Makanan dengan tekstur padat ini disebut dengan makanan pendamping ASI (MPASI).
Jika Anda masih merasa was-was saat ingin memberikan yoghurt untuk bayi, Anda bisa memberikannya di sekitar usia 9-10 bulan.
Pertimbangkan juga takaran saji yoghurt yang sesuai untuk usia bayi saat ini.
Takaran saji yoghurt untuk bayi usia dari 8-12 bulan yang dianjurkan biasanya sebanyak ¼ atau ½ cangkir. Ketika buah hati Anda memasuki usia 12-24 bulan, Anda bisa memberikannya lebih dari ½ cangkir yoghurt.
Selain mempertimbangkan kapan pemberiannya, Anda juga harus berhati-hati dengan jenis yoghurt yang dibeli terutama bila bayi punya alergi susu sapi.
Biasanya, produk susu (dairy product) tidak dianjurkan untuk bayi sampai usianya minimal 12 bulan atau 1 tahun.

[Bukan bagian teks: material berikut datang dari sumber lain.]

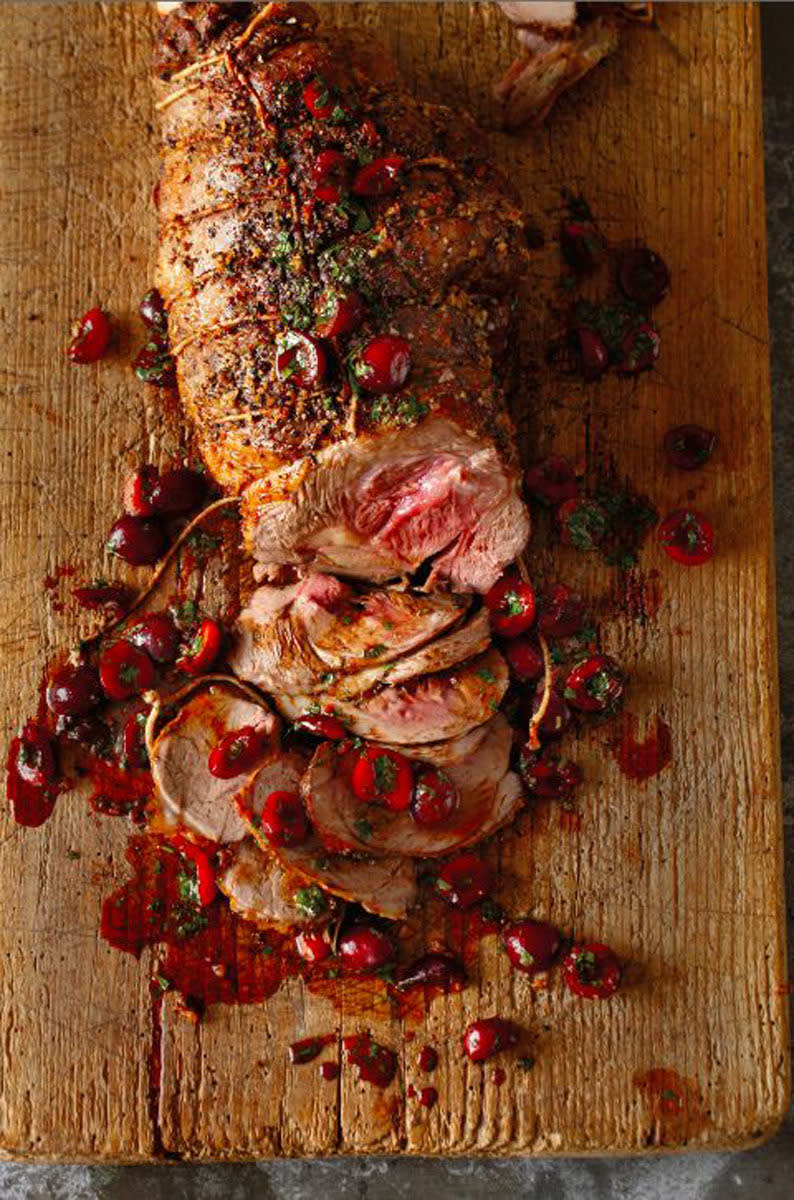 Main and Side Dish Recipes for a Stunning Christmas Dinner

Hanya saja, pengecualian untuk yoghurt dan keju untuk bayi yang bisa dikonsumsi sebelum usia 12 bulan.
Namun kembali lagi, hal ini tentu sebaiknya dipertimbangkan sesuai kondisi tubuh dan kebutuhan bayi agar tetap dapat memberikan manfaat yang optimal.
Apa manfaat yoghurt untuk bayi?
Yoghurt baik diberikan untuk bayi karena bermanfaat dan bergizi. Asupan yoghurt dapat membantu memenuhi kebutuhan gizi bayi agar tidak terjadi masalah gizi pada bayi. Selain mudah dicari, yoghurt memiliki kandungan probiotik dan protein di dalamnya.

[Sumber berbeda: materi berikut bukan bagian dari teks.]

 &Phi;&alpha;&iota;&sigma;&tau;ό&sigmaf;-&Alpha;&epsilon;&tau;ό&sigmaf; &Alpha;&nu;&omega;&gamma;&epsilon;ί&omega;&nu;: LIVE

Kandungan probiotik ini dapat mendukung kerja sistem kekebalan tubuh untuk menjaga sistem pencernaan dari serangan bakteri jahat penyebab masalah pencernaan.
Bukan hanya itu, kandungan laktosa yang ada di dalam yoghurt juga lebih sedikit dibandingkan dengan susu murni.
Hanya saja, bila bayi telah didiagnosis punya intoleransi laktosa atau alergi susu sapi, sebaiknya perhatikan apakah ia menunjukkan gejala alergi, melansir dari New Kids Center.
Ini karena bayi yang alergi susu sapi berisiko untuk mengalami alergi yoghurt, terutama bila yoghurt tersebut diolah dari susu sapi.
Jadi, alangkah baiknya untuk memeriksakan kondisi bayi lebih lanjut dengan dokter anak bila ia terlihat mengalami gejala alergi.
Berhati-hatilah memilih yoghurt untuk bayi

Tinggalkan Balasan
Anda harus masuk untuk berkomentar.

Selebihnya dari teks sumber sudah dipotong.